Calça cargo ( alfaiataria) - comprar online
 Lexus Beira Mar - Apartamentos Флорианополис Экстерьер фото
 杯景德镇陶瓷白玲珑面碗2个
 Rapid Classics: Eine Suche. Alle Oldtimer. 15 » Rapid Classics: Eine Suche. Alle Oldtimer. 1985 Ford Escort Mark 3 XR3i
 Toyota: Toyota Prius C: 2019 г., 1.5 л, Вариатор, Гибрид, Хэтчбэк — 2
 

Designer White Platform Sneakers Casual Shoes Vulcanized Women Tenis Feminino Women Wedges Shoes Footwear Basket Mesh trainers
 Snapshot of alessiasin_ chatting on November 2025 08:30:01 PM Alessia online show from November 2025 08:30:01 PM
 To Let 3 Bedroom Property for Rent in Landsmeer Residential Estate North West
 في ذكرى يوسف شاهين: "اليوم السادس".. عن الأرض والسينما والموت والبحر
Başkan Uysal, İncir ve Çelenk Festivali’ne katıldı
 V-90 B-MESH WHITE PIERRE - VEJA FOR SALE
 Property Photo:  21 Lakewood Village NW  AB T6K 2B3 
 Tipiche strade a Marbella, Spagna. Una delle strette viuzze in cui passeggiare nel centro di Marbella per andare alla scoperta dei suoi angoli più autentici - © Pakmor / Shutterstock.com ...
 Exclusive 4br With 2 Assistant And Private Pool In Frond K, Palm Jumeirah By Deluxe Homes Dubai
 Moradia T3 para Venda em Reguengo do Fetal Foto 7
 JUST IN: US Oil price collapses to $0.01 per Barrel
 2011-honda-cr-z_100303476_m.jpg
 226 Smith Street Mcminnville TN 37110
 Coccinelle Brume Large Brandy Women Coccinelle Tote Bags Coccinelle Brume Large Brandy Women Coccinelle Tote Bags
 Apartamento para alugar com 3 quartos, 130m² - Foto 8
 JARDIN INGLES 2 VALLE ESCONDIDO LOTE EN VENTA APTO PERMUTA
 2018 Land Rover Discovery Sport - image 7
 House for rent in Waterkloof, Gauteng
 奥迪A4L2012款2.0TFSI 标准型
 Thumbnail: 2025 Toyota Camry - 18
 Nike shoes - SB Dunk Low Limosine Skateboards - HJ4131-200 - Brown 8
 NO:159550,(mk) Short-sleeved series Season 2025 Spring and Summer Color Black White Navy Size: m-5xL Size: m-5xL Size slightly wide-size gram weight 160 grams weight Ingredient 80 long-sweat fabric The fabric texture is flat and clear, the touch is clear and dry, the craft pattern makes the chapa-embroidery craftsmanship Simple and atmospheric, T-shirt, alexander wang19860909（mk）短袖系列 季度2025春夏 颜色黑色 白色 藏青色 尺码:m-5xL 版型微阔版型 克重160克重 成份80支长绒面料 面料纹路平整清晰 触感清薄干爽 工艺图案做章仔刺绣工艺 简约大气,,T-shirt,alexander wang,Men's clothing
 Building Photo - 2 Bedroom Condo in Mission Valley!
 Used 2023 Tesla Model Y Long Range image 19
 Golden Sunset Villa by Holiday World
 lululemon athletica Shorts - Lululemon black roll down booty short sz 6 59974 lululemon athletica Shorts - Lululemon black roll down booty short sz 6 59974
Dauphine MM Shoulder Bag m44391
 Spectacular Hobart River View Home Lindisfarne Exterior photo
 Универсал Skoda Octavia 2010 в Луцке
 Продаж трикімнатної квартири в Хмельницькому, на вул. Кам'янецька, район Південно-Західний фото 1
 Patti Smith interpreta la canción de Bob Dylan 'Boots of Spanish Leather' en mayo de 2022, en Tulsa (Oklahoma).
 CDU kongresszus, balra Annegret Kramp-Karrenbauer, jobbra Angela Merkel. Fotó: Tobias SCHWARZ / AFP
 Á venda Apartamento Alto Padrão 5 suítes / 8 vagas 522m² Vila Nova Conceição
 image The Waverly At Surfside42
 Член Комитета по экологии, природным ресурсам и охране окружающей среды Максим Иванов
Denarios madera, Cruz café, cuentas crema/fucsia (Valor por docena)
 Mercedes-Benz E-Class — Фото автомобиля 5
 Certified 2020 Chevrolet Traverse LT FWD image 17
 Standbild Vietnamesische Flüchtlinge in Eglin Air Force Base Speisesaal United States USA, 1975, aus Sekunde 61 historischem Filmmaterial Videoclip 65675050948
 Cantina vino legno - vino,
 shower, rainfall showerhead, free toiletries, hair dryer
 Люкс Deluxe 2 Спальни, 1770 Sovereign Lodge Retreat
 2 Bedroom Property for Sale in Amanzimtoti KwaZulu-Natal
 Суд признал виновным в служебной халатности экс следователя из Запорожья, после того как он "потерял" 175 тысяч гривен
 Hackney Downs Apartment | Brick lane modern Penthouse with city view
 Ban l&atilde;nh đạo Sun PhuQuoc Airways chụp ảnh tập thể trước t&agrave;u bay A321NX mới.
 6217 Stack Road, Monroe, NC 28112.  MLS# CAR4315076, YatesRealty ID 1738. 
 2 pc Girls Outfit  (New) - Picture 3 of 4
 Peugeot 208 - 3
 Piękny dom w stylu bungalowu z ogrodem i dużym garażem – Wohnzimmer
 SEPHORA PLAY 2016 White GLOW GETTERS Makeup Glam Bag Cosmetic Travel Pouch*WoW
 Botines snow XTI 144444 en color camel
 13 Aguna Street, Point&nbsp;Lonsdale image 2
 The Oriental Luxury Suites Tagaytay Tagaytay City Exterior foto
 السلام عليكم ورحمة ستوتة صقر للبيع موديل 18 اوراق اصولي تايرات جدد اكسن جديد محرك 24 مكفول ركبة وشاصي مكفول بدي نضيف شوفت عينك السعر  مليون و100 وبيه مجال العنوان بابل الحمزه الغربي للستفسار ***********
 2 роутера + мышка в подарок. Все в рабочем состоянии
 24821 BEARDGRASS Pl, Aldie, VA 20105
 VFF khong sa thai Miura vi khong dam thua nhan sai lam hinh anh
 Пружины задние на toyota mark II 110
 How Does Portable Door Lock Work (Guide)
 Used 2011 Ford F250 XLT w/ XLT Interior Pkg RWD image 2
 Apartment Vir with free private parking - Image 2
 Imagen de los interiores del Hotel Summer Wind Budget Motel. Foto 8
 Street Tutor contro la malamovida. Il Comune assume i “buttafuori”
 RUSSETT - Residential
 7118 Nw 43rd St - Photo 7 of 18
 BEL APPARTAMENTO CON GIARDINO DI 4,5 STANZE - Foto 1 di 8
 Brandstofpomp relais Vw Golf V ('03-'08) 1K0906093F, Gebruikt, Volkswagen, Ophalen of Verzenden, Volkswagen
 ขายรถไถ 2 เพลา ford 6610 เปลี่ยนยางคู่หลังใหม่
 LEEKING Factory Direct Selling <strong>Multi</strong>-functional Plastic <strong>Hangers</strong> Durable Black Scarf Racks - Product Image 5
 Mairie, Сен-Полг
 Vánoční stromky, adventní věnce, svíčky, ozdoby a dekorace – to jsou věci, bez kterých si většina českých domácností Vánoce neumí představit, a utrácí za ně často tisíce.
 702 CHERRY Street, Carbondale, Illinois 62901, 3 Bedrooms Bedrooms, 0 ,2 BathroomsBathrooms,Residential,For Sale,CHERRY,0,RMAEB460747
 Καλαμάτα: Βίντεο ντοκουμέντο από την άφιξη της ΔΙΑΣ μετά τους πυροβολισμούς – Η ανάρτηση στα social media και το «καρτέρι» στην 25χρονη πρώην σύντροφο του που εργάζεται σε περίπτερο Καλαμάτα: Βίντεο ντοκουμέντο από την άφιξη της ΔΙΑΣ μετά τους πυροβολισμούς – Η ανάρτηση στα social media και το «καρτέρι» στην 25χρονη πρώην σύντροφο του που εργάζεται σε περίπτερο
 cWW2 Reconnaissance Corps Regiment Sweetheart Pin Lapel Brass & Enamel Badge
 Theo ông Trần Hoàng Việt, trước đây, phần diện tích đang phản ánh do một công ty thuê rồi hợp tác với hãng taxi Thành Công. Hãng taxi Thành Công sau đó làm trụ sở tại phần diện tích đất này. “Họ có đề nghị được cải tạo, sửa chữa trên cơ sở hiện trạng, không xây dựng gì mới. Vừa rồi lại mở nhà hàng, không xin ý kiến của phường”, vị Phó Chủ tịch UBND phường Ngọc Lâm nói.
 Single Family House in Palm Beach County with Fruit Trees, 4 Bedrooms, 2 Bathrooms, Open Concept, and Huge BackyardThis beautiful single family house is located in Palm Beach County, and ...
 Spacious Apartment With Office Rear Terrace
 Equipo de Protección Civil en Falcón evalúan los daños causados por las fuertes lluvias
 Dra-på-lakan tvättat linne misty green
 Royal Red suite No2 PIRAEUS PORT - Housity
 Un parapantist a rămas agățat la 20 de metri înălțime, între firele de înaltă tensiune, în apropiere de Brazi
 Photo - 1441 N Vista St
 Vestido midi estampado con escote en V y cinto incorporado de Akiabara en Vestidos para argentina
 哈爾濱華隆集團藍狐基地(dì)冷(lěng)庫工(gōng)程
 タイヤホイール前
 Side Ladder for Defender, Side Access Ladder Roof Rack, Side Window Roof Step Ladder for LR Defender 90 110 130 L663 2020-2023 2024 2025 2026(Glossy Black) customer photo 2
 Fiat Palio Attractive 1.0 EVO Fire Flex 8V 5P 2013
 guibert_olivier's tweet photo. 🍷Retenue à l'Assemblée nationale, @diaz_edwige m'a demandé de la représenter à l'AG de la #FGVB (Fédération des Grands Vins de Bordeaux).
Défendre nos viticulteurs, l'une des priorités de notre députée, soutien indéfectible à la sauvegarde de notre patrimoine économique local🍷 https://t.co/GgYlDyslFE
====================
### Description of the task
Nothing beyond the line containing "Rapid Classics: Eine Suche. Alle Oldtimer. 15" is to be output; the lines above, from the first one onward to that line, are to be transcribed exactly.

### Response to this task
Calça cargo ( alfaiataria) - comprar online
 Lexus Beira Mar - Apartamentos Флорианополис Экстерьер фото
 杯景德镇陶瓷白玲珑面碗2个
 Rapid Classics: Eine Suche. Alle Oldtimer. 15 » Rapid Classics: Eine Suche. Alle Oldtimer. 1985 Ford Escort Mark 3 XR3i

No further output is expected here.